Exposition collective Confection/Confession
JE N’AI PAS À ME SOUVENIR TANT QUE JE VOIS
ANDRÉ DU BOUCHER, ÉCRITS SUR L’ART. ÉDITION POL
Le cache produit le bord, qui lui-même marque l’arrêt, donc le début du marquage de la peinture par touche. Le cache dégagé laisse apparaître la forme de celui-ci en vide. Ce même vide (ou blanc) de la surface révèle une forme, un signe, une intention par jeu des bords. Apparition de la peinture, qui marque, et le blanc qui révèle mais ne réfléchit pas (puisque rien ne le personnifie) dans le geste. Il dévoile par appel du sens, le couple insécable, (blanc/signe), comme un immense réservoir de lumière immanente, producteur d’un sens à venir mais aussi de bouclage en effet, s’il révèle, il ferme aussi par une lecture d’ensemble.
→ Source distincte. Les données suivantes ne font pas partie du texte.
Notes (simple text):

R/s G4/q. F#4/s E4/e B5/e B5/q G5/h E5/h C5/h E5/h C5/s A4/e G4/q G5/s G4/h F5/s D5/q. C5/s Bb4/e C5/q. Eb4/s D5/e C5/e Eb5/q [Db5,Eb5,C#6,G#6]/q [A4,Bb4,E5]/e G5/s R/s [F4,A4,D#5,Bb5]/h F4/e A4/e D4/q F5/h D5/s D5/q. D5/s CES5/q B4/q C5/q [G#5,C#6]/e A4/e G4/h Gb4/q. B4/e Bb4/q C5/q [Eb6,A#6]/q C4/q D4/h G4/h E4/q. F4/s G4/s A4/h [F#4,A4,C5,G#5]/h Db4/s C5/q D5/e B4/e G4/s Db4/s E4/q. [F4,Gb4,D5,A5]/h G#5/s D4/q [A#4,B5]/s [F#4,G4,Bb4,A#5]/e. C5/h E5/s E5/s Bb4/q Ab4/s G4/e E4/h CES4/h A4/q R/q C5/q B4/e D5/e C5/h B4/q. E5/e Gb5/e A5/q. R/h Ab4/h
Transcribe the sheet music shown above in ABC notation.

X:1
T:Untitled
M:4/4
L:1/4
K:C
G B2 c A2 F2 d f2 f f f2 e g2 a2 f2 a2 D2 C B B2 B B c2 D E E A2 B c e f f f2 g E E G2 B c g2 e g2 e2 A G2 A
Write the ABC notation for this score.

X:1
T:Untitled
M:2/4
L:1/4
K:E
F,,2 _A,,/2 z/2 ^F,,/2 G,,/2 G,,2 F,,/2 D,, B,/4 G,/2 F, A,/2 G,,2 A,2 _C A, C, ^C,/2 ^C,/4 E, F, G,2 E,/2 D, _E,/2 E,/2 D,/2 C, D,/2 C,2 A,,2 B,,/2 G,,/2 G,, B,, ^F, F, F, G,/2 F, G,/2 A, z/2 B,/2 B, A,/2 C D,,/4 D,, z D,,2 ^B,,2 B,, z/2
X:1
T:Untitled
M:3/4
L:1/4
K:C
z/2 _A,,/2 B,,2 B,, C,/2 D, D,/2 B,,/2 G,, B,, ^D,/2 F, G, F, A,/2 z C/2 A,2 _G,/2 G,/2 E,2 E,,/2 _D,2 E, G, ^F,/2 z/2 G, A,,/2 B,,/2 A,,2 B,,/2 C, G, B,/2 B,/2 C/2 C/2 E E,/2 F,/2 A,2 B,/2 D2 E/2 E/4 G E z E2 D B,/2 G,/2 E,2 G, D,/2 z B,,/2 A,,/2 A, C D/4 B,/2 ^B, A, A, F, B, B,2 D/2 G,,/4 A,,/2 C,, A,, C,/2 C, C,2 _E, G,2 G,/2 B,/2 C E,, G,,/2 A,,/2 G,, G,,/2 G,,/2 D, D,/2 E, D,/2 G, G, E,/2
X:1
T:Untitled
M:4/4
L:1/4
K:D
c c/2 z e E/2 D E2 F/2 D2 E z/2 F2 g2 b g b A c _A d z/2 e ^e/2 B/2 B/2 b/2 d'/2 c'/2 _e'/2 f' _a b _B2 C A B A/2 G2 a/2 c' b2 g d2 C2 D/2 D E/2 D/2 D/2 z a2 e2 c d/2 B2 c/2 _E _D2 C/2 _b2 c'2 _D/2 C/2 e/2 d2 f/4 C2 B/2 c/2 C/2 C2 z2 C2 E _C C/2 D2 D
Que dit cet assemblage entre le blanc et la marque peinte, que les deux confectionnent une existence, une présence de vie. Quelque chose y est traquée, mais aussi en même temps laisse poindre dans la construction un symptôme du manque, la construction est une épreuve, jamais une preuve.
S’il y a un début de présence, il existe aussi parce que tout ne peut pas être dit, alors, le manque ou la faille y est inscrite. Le symptôme intrinsèquement lié à la composition agit sur la structure qui demande aussi des comptes. Le montage a vocation ultime à faire naître, ce qui devient une nouvelle interprétation d'une origine lointaine, singulière afin d'ouvrir un temps nouveau, un espace circonstancié.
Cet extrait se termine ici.